I got an unexpected quote in my json string that make json.loads(jstr) fails.

json_str = '''{"id":"9","ctime":"2018-02-13","content":"abcd: "efg.","hots":"103b","date_sms":"2017-11-22"}'''

So I'd like to use the regular expression to match and delete the quote inside the value of "content". I tried something in other solution:

import re
json_str = '''{"id":"9","ctime":"2018-02-13","content":"abcd: "efg.","hots":"103b","date_sms":"2017-11-22"}'''
pa = re.compile(r'(:\s+"[^"]*)"(?=[^"]*",)')
pa.findall(json_str)

[out]: []

Is there any way to fix the string?

jonrsharpe
  • 115,751
  • 26
  • 228
  • 437
Kai Wang
  • 53
  • 1
  • 6

2 Answers2

3

As noted by @jonrsharpe, you'd be far better off cleaning the source.
That said, if you do not have control over where the extra quote is coming from, you could use (*SKIP)(*FAIL) using the newer regex module and neg. lookarounds like so:

"[^"]+":\s*"[^"]+"[,}]\s*(*SKIP)(*FAIL)|(?<![,:])"(?![:,]\s*["}])

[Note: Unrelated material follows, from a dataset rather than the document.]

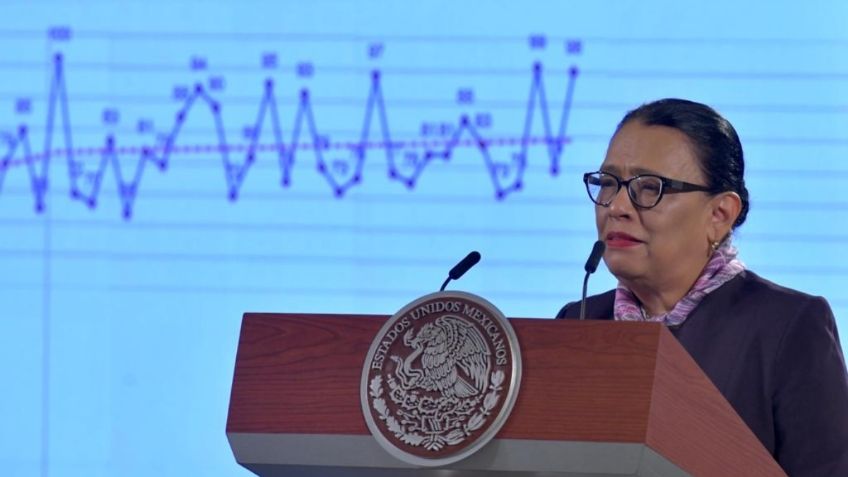 Suben cifras de feminicidios en México; suman 423 en lo que va de 2021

See a demo on regex101.com.


In Python:
import json, regex as re

json_str = '''{"id":"9","ctime":"2018-02-13","content":"abcd: "efg.","hots":"103b","date_sms":"2017-11-22"}'''

# clean the json
rx = re.compile('''"[^"]+":\s*"[^"]+"[,}]\s*(*SKIP)(*FAIL)|(?<![,:])"(?![:,]\s*["}])''')
json_str = rx.sub('', json_str)

# load it

json = json.loads(json_str)
print(json['id'])
# 9
Jan
  • 42,290
  • 8
  • 54
  • 79
0

A possible solution I used:

whole = []
count = 0
with open(filename) as fin:
    for eachline in fin:
        pa = re.compile(r'"content":\s?"(.*?","\w)')
        for s in pa.findall(eachline):
            s = s[:-4]
            s_fix = s.replace("\"","")
            eachline = eachline.replace(s,s_fix)

        data = json.loads(eachline)
        whole.append(data)
Kai Wang
  • 53
  • 1
  • 6